As the story goes, the name Horse Well comes from a local legend about a magical horse that sprang from the town's well. Funny enough, this rare and sparkly roast from Myanmar might actually be a unicorn of coffee.
Myanmar, once known as Burma, sits on the Bay of Bengal in SE Asia. Known to the West primarily for its recent political upheaval, Myanmar has been busy making up for lost time: its 200-year-old coffee industry (begun in the 1800s, under British rule) has been quietly flourishing. Brews from Myanmar turn heads because they sit within the sweet spot between African and Indonesian profiles. Myanmar coffees are full of fruit, like Africans, paired with an earthy complexity like Sumatrans. When naturally-processed, they're often rich and syrupy in texture, with clean and distinct flavors, and a unique, cider-like sparkle.

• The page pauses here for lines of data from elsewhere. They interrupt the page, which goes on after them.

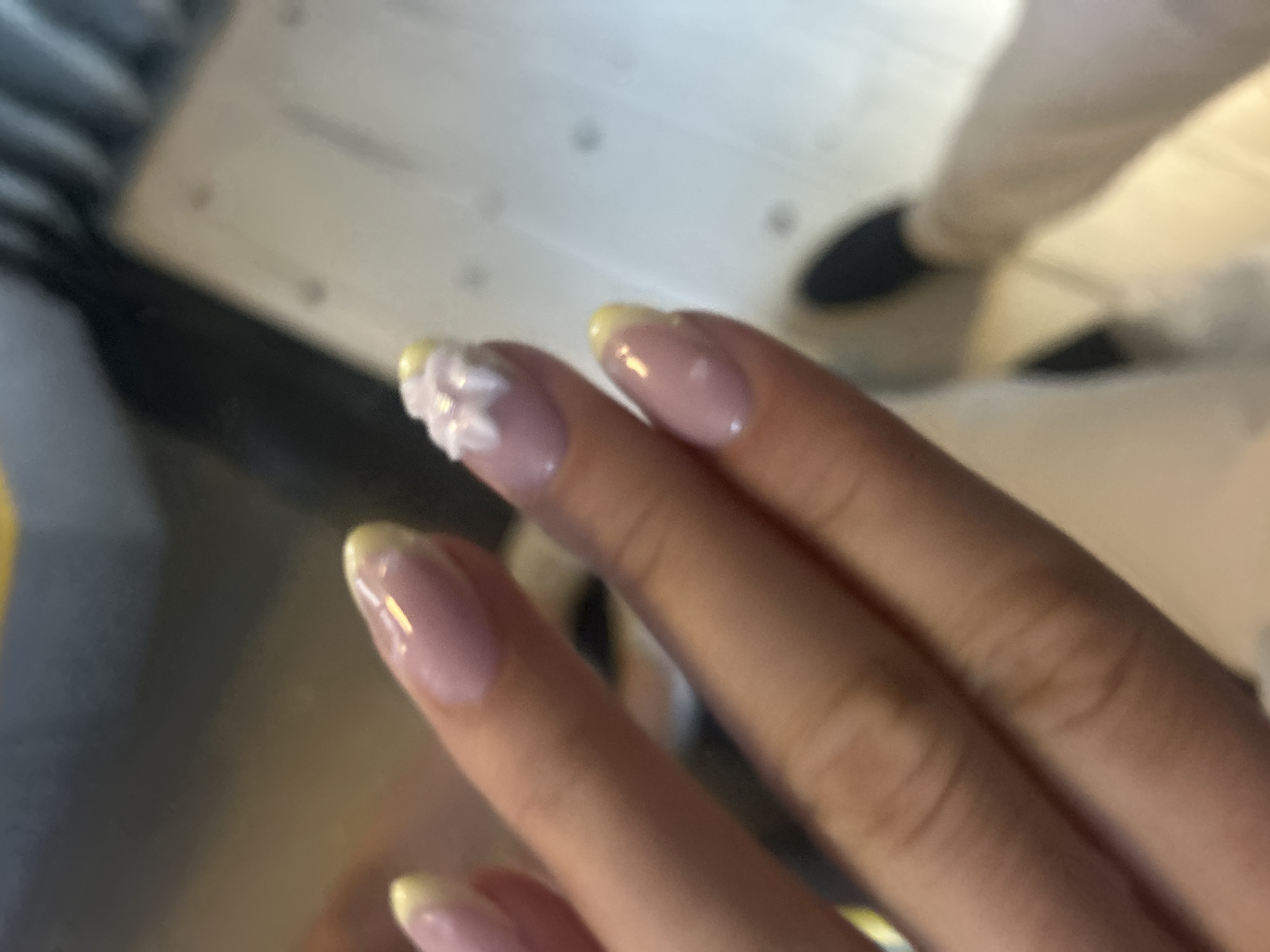 The image shows a close-up view of a person's hand with manicured nails. The nails are French manicured with a sheer pink base and a pale yellow tip. One nail has a small, three-dimensional white embellishment that resembles a flower. The background is blurred, but appears to be an indoor setting with a floor that has a grid-like pattern. A dark shoe and light-colored pants are visible in the lower right portion of the frame, suggesting the presence of another person or the photographer's own attire. The lighting is soft, and the overall impression is one of personal grooming and a casual setting. The location is not identifiable from the image.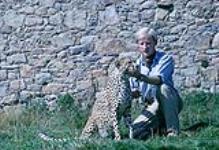 Jeremy Mallinson with a cheetah. Channel Island Zoo. Jersey [ca. 1953-1964]
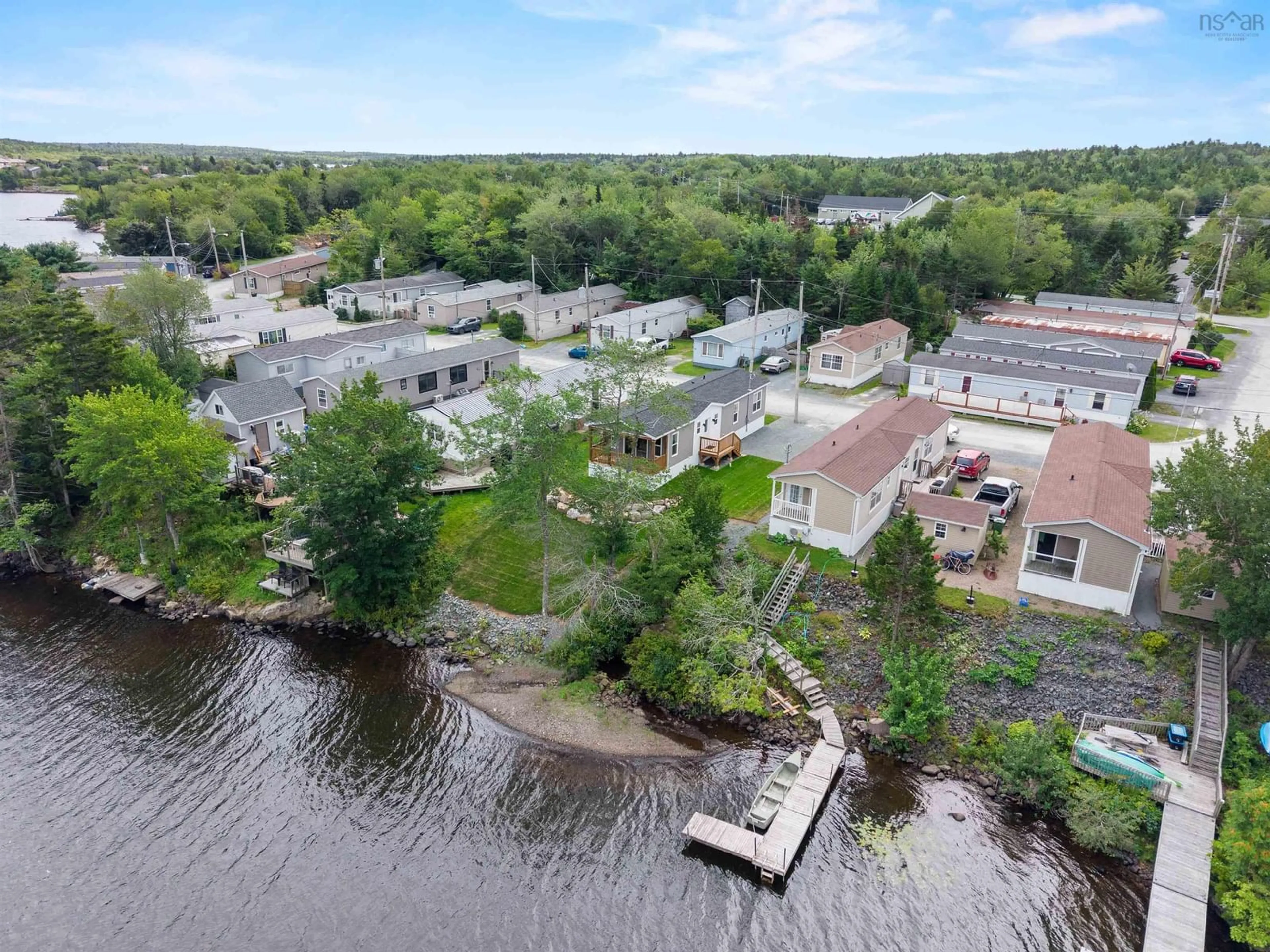A pic from outside/outdoor area/front of a property/back of a property/a pic from drone, water/lake/river/ocean view for 32 Ben Johnson Lane, Timberlea Nova Scotia B3T 1K9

This example comes from the Shan State, one of the major coffee regions in Myanmar and known for its fantastic natural processed coffees and small, independent farm communities. From the first sip, it's clear how much attention was paid to this coffee. Sweet notes of cherries and oranges evolve into a complex dance of dried fruits and oaky spice. The result is a cup that tastes sweet, savory, and sparkly at once, like a cocktail, cognac or orange liqueur. Complex and sophisticated, but oh-so sippable. You may want to change your bathrobe out for a smoking jacket, as this cup brings a touch of cocktail hour into coffee hour... cheers to the day!

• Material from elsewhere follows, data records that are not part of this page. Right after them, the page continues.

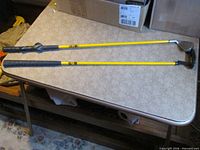 Full view of both Momentus swing trainer clubs on table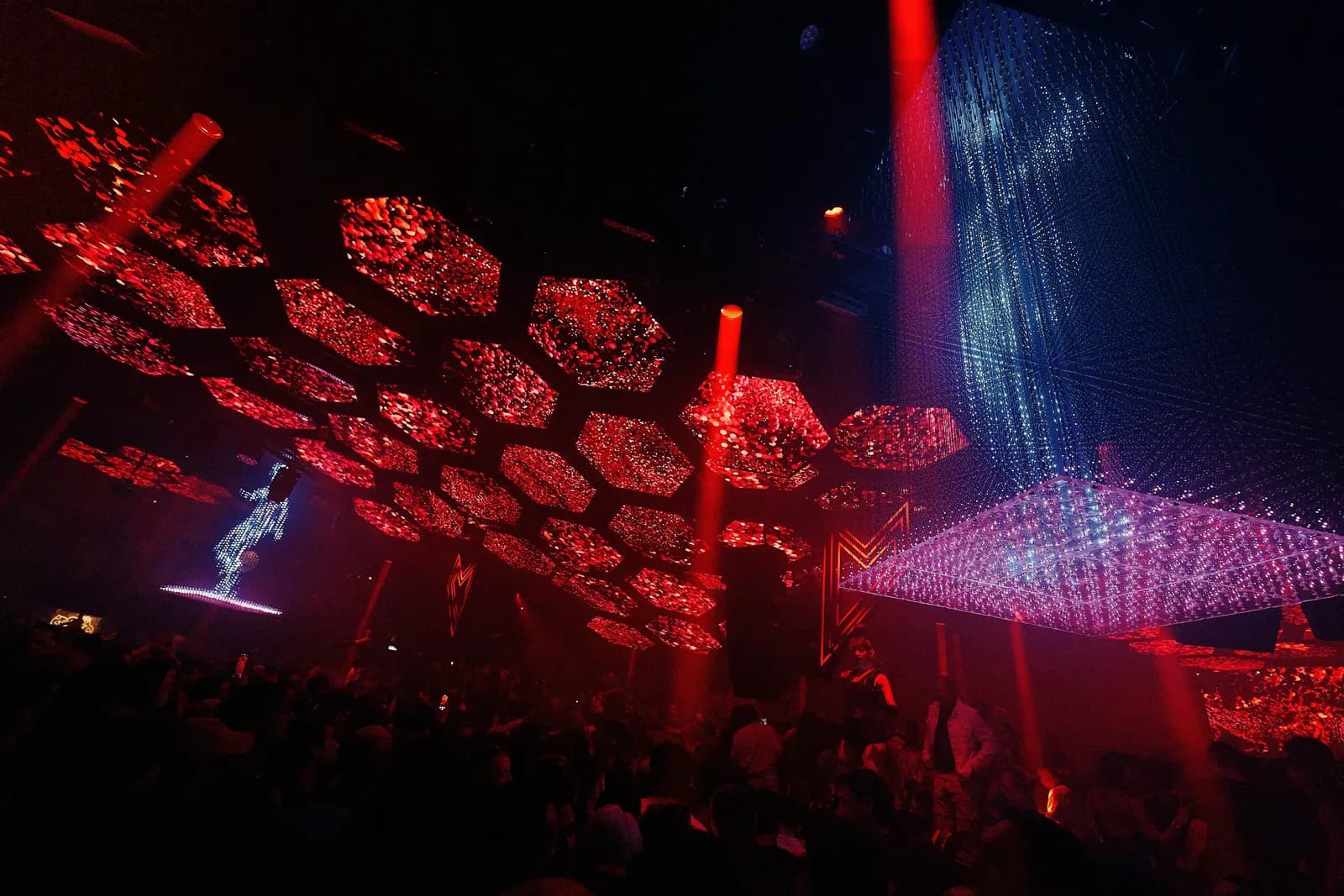 Red lattice ceiling and light beams in the Pacha Ibiza main room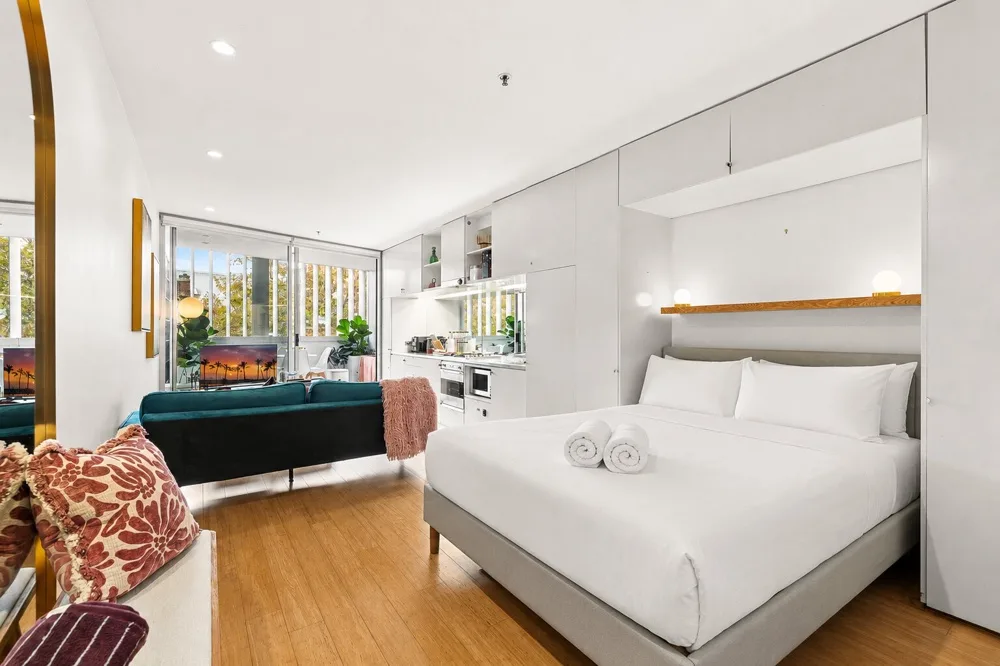 Una habitación luminosa y diáfana combina una cama, una zona de estar y una cocina compacta.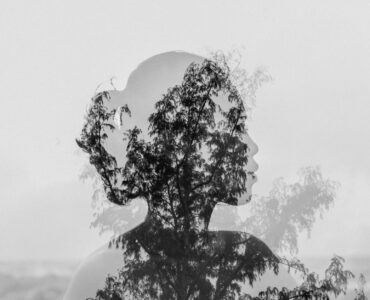 silhouette of asian woman behind tree branch near endless ocean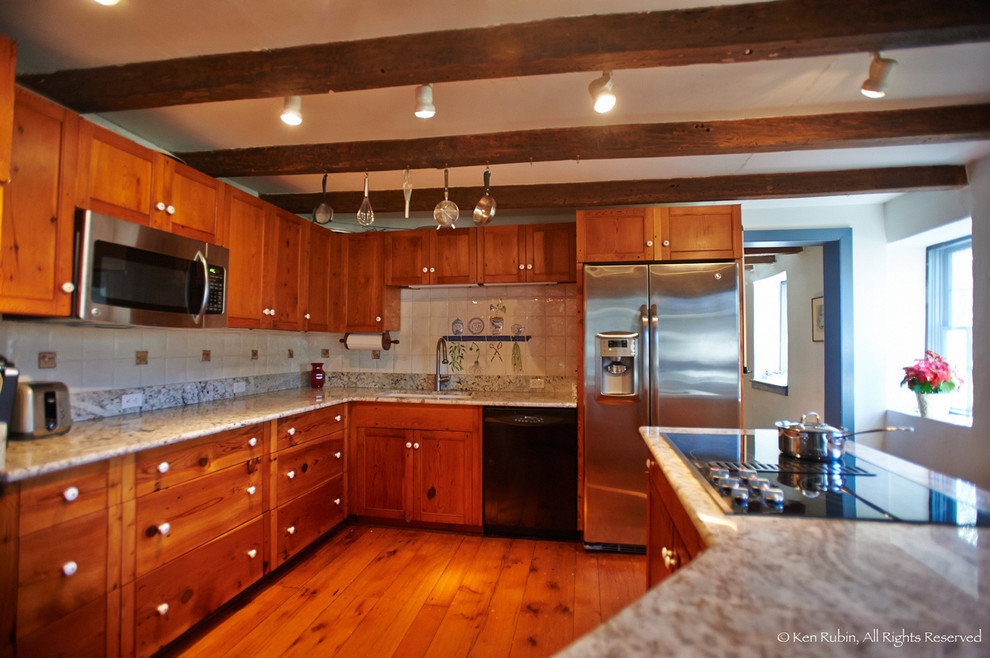 Inredning av ett lantligt mellanstort kök, med en undermonterad diskho, luckor med infälld panel, skåp i mellenmörkt trä, granitbänkskiva, beige stänkskydd, stänkskydd i keramik, rostfria vitvaror, en halv köksö och mellanmörkt trägolv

This coffee comes from Myin Dwin, a small coffee-growing region that also farms tea, avocados, and oranges. The community is locally known as the "mother of coffee", because they've succeeded at converting many local poppy farms (used to produce heroin) into coffee farms instead. The name Myin Dwin means Horse Well, after a legend about a magical horse that sprang from the town's well. This coffee is one of their special varietals, sparkly and sweet, with complex notes of cognac and mandarin orange.